Monday, November 17, 2014

Trading VXX with nearest neighbors prediction

An experienced trader knows what behavior to expect from the market based on a set of indicators and their interpretation. The latter is often done based on his memory or some kind of model. Finding a good set of indicators and processing their information poses a big challenge. First, one needs to understand what  factors are correlated to future prices. Data that does not have any predictive quality only intorduces noise and complexity, decreasing strategy performance. Finding good indicators is a science on its own, often requiring deep understandig of the market dynamics. This part of strategy design can not be easily automated.

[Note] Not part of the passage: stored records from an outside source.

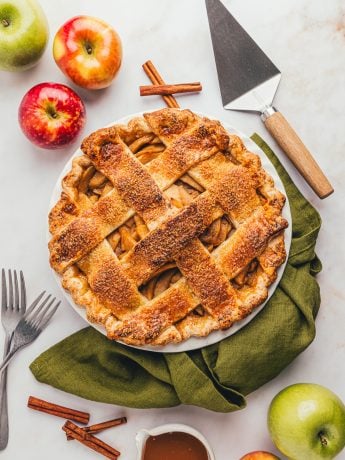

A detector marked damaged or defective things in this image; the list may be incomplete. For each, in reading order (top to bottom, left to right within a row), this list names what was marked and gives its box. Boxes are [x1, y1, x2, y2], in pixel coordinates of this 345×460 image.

broken cinnamon stick [141, 60, 179, 108]
broken cinnamon stick [27, 396, 89, 424]
broken cinnamon stick [62, 422, 120, 458]
broken cinnamon stick [65, 416, 126, 440] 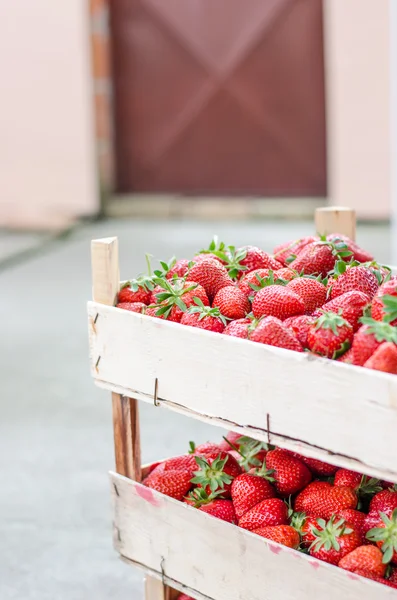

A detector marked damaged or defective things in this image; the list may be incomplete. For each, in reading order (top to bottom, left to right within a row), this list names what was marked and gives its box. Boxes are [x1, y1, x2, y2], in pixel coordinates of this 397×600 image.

chipped white paint [110, 474, 394, 600]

Luckily, once a good set of indicators has been found, the traders memory and 'intuition' can be easily replaced with a statistical model, which will likely to perform much better as computers do have flawless memory and can make perfect statistical estimations.

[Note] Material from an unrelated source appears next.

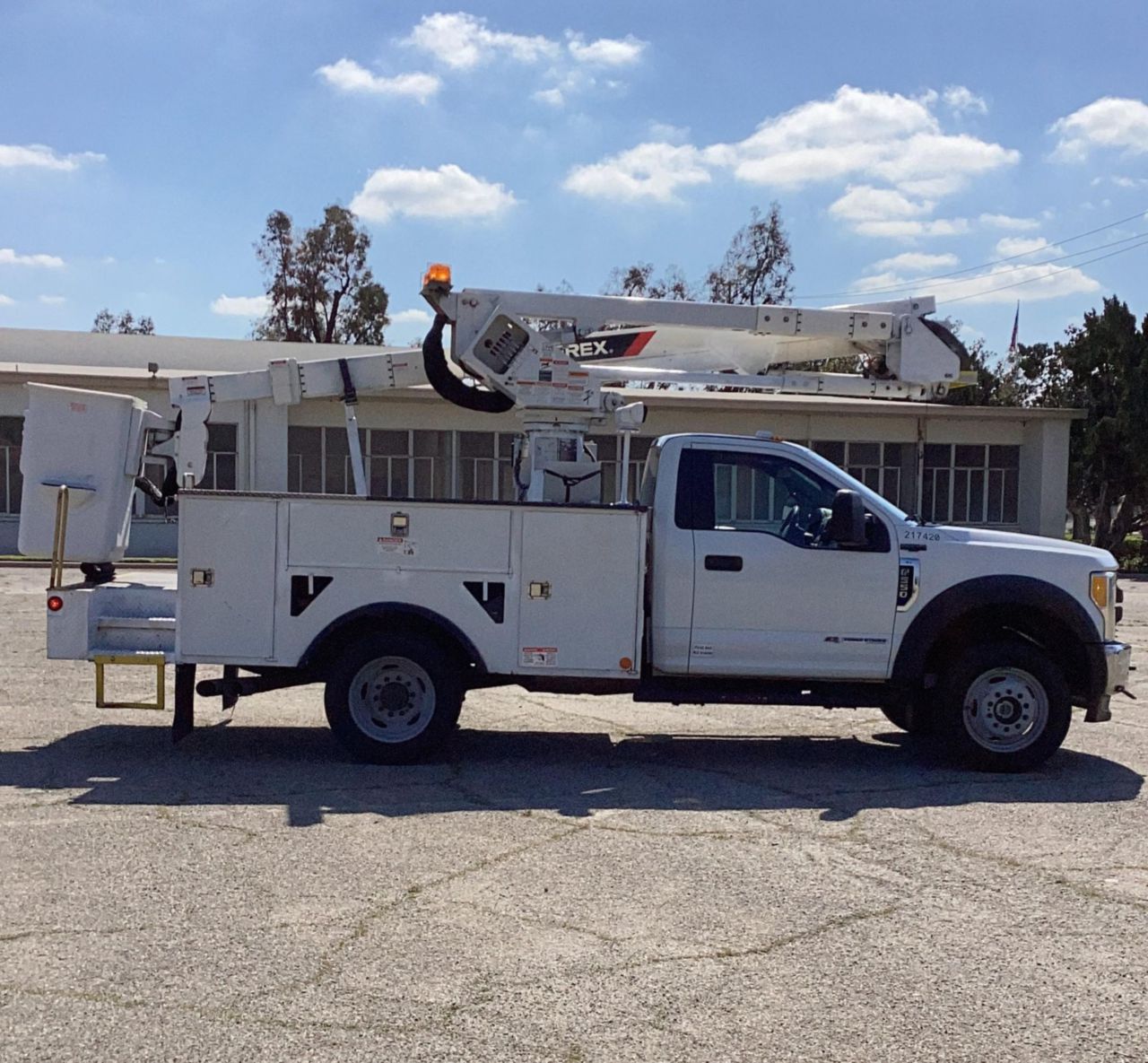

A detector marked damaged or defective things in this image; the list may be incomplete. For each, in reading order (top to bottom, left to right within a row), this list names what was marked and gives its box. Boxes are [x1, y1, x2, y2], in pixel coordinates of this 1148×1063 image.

cracked asphalt [2, 567, 1148, 1055]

Regarding volatility trading, it took me quite some time to understand what influences its movements. In particular, I'm interested in variables that predict future returns of VXX and  XIV. I will not go into full-length explanation here, but just present a conclusion : my two most valuable indicators for volatility are the term structure slope and current volatility premium.
My definition of these two is:

  • volatility premium = VIX-realizedVol
  • delta (term structure slope) = VIX-VXV
VIX & VXV are the forward 1 and 3 month implied volatilities of the S&P 500. realizedVol here is a 10-day realized volatility of SPY, calculated with Yang-Zhang formula. delta  has been often discussed on VixAndMore blog, while premium is well-known from option trading.

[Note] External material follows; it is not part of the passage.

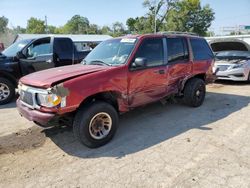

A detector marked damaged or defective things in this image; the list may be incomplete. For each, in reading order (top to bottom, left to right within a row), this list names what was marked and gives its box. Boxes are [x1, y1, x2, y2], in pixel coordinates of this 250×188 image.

damaged red suv [16, 33, 214, 148]
exposed body damage [16, 34, 215, 148] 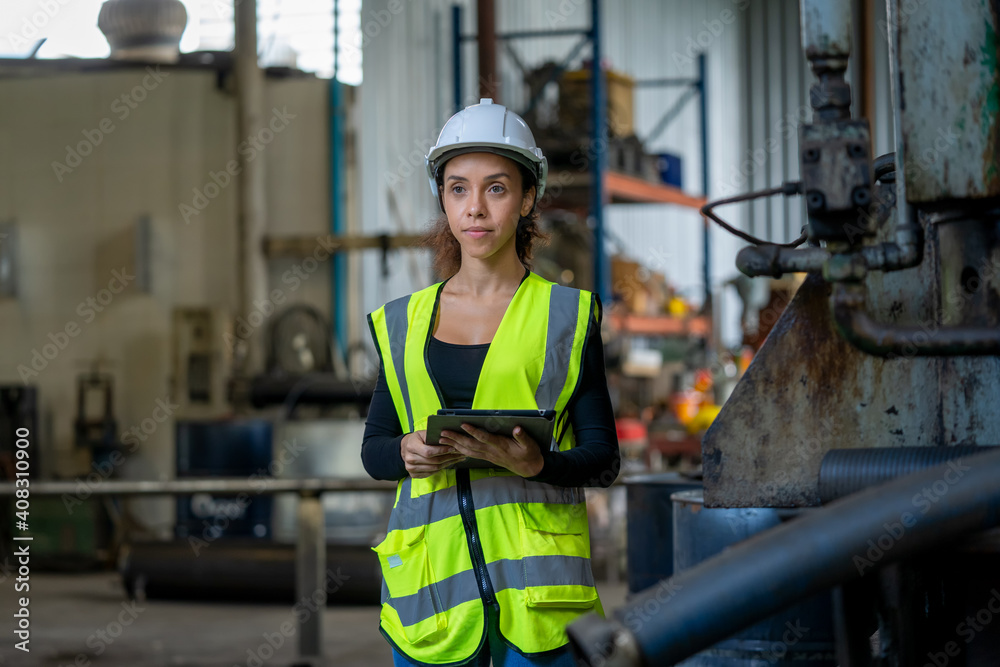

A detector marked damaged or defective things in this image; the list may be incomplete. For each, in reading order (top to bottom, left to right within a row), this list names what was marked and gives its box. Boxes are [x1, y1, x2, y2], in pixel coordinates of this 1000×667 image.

rusty metal equipment [572, 0, 1000, 664]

It makes sense to go short volatility when premium  is high and futures are in contango (delta  < 0). This will cause a tailwind from both the premium and daily roll along the term structure in VXX. But this is just a rough estimation. A good trading strategy would combine information from both premium and delta to come with a prediction on trading direction in VXX.
I've been struggling for a very long time to come up with a good way to combine the noisy data from both indicators. I've tried most of the 'standard' approaches, like linear regression, writing a bunch of 'if-thens' , but all with a very minor improvements compared to using only one indicator. A good example of such 'single indicator' strategy with simple  rules can be found on TradingTheOdds blog . Does not look bad, but what can be done with multiple indicators?

I'll start with some out-of-sample VXX data that I got from MarketSci. Note that this is simulated data, before VXX was created. 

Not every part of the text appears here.